On Fri, 03 Nov 2006 20:41:16 -0500, Peter Cole
<[email protected]> wrote:

[snip]

>(3) The stress relief shall be at the required
>temperature and pressure and
>held for a period not less than 2 hours
>per inch of metal thickness, but in no
>case less than 2 hours."

Dear Peter,

This is the first time that I've seen a time versus metal thickness
aspect of mechanical stress relief.

Two hours per inch of metal thickness works out to 7200 seconds per
25.4 mm, or 283 seconds per millimeter.

That would be about 10 to 12 minutes for a 2 mm thick spoke, but I
assume that the shape, absolute pressure, and absolute thickness would
modify that naive calculation considerably.

Still, it seems to be a few orders of magnitude longer than most wheel
builders squeeze their spokes.

Do you know of anything that might shed light on the effect of the
length of time that spokes are squeezed together?

Right now, I'm using a vise-rig to stretch spokes, but they're being
left on the rack, so to speak, for much longer than I can hope to
squeeze with my bare hand.

Cheers,

Carl Fogel

 

[jim beam]

dvt wrote:
> jim beam wrote:
>> dvt wrote:
>>> How would you design a test for residual stress in spoke elbows? I
>>> have access to some equipment, but not "neutron/x-ray inferometry"
>>> [sic] that you mentioned in the above-mentioned thread.
>>
>> chlorides are well known for their stress corrosion in stainless
>> steel. google will help you identify other agents as well. simply
>> leave a spoke in a jar of the requisite solution and wait.
>
> Thanks for the response, jim.
>
> I see how that tests for corrosion. As I have said in the past, my
> metallurgy knowledge is not enough to make the leap from a corrosion
> test to a test for residual stress.

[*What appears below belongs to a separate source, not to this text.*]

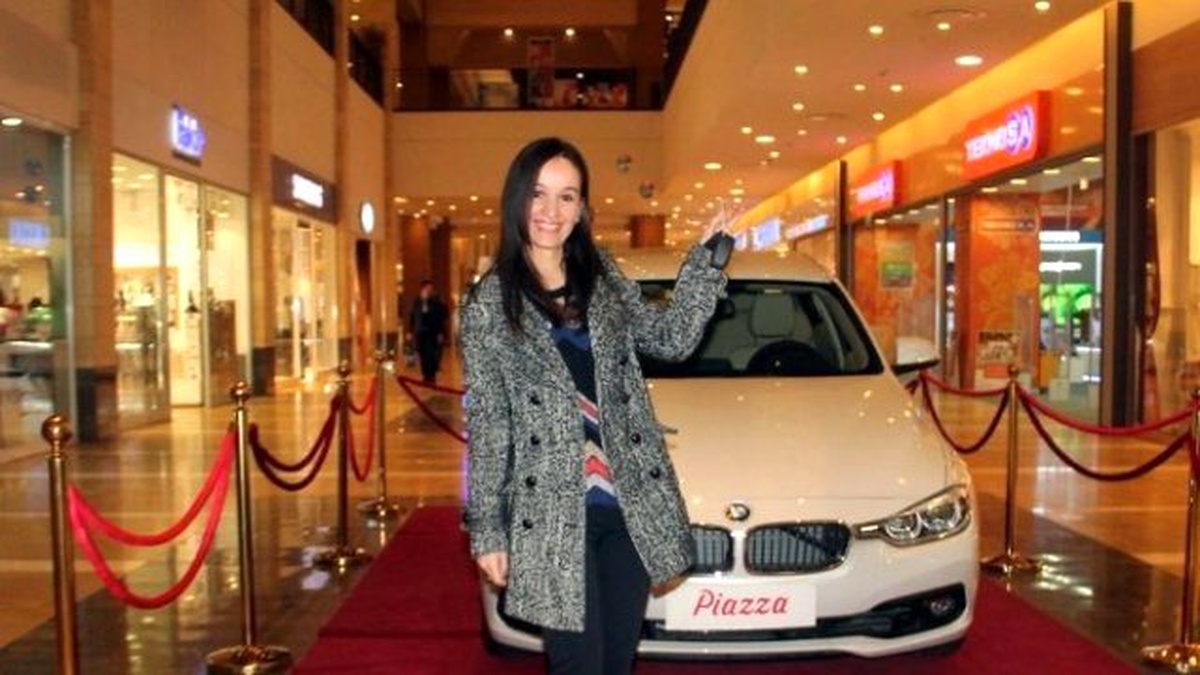 Piazza\'nın Hayalleri Süsleyen Otomobili Sahibiyle Buluştu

Maybe you can help me make that
> connection.

long, long and highly specialized subject, but basically, there's a
synergy/susceptibility between certain materials and certain
environmental factors that lead to a specific form of corrosion.
materials that may be passive in an unstressed state, can become highly
susceptible to localized corrosion when stressed. certain
material/reagent pairs exhibit dramatic crack propensity. examples
include http://www.corrosion-doctors.org/Forms/scc-environments.htm

>
>>>> sure, if residual stress is sufficient to be a factor, it can help
>>>> to reduce it. but the necessary supposition that spoke
>>>> manufacturers are incompetent in order to take that position is
>>>> something of a stretch.
>>>
>>> I don't think it takes a supposition of incompetence.
>>
>> i disagree. according to jobstian theory, the supposition is that
>> spokes leave the factory with residual stress, ergo the manufacturer
>> is incompetent for not relieving it.
>
> I don't think it requires incompetence on the spoke manufacturer's part.
> The wheel building process can change the angle of the elbow, producing
> some residual stress.

well, i don't agree with the "correcting the spoke line" practice for
exactly this reason. most hub flanges are canted and drilled so that
spoke angles are optimum for their exit geometry.

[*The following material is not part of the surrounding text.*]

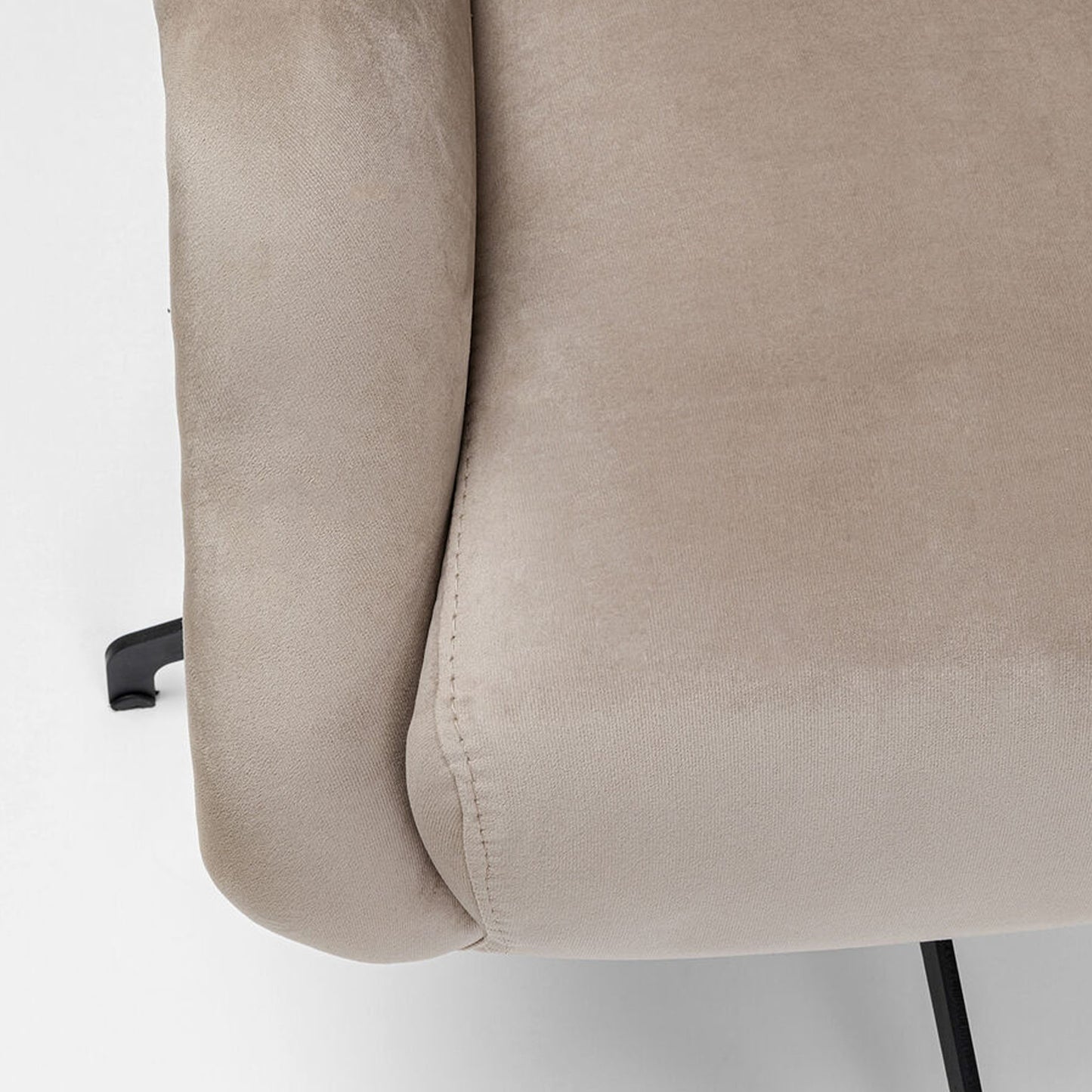 KEANU Velvet Taupe Armchair with tufted backrest and curved armrests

http://www.flickr.com/photos/38636024@N00/104463818/

to "correct the spoke line" /prior/ to raising spoke tension
sufficiently to bed the spokes fully into the hub not only leaves the
spoke elbow with a non-factory angle, it can indeed introduce residual
stress into an otherwise optimized component.

> I know you have debated that point (with Benjamin
> Lewis, if memory serves). His photographs show that it's at least
> possible to change the elbow angle by building a wheel, and it agrees
> with my experience, so I'm sticking with that. Since we've bent the
> spoke elbow without any form of stress relief, there are quite likely
> some residual stresses.

i've built wheels and have "stress relieved" them using the "mavic
method" [block of wood and leaning on the rim] and have subsequently
disassembled them. there may have been some elbow angle change, but
it's not one i have been able to see in comparison with new spokes.
granted, you need to be careful to achieve this, but it seems possible.

>
> So if the manufacturer supplied spokes without residual stress, residual
> stresses would be induced during the wheel build. Supplying spokes free
> of residual stress would be rather pointless, in that case.

i disagree. no manufacturer that cares about their reputation enough to
put their name on their product is going to risk damage to sales by
shipping something they know to be a problem. otherwise why bother with
the considerable expense of vacuum degassed steels as well?

>
>> perhaps, but we'd then have to show that residual stress was a factor
>> and that material quality was not.
>
> I think this is where we disagree. The first part of your sentence makes
> sense to me, but the second part doesn't. Why does one have to be
> exclusive of the other? Why couldn't some failures be caused by a
> *combination* of material quality and residual stress?

they could, but why spend your time fixing the hubcap if the fan belt's
broken?

>
>> seriously, if spoke squeezing was able to eliminate fatigue
>> regardless, don't you think manufacturers would just do that and use
>> cheaper materials and cheaper processing rather than what they do now?
>
> Perhaps if they were able to assume no residual stresses in a spoke in a
> built wheel, they *could* go to cheaper materials and processing.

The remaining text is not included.